#### Exercise instructions
Say how many lines in the data below contain the word "with", and give no other text.
Input material START
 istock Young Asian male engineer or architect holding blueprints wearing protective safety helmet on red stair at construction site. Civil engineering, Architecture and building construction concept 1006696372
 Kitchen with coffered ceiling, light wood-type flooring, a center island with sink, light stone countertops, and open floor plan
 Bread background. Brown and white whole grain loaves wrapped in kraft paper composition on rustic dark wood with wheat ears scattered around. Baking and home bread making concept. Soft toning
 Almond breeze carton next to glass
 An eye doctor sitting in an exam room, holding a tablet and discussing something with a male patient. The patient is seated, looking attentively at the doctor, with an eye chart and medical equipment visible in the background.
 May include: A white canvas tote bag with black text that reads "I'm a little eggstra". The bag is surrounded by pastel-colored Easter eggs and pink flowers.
Input material END
Input material START
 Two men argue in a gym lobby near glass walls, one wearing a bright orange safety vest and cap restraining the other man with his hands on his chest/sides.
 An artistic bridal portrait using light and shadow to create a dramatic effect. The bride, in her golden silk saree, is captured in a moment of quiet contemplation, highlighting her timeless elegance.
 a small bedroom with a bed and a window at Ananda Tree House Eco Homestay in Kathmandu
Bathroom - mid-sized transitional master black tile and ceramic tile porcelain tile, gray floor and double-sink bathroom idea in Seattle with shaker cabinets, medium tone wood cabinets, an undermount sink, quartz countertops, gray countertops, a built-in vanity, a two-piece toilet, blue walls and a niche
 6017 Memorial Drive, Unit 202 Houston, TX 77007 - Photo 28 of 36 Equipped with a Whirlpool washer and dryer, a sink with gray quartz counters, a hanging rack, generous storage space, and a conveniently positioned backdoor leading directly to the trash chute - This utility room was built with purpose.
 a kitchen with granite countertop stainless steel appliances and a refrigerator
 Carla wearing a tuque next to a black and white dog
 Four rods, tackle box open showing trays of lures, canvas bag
Input material END
#### Answer space
9